_The problem_
Would you please copy every line from the records that contains the word "with"?

[[ Material provided open ]]

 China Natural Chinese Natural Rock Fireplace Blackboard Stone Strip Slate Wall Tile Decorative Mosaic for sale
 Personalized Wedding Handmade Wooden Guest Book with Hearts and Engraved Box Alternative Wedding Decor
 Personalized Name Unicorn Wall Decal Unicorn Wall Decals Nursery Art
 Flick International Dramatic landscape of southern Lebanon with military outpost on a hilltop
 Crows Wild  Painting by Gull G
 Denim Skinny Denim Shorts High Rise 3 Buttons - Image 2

[[ Material provided closed ]]

_Answer to this problem_
 Personalized Wedding Handmade Wooden Guest Book with Hearts and Engraved Box Alternative Wedding Decor
 Flick International Dramatic landscape of southern Lebanon with military outpost on a hilltop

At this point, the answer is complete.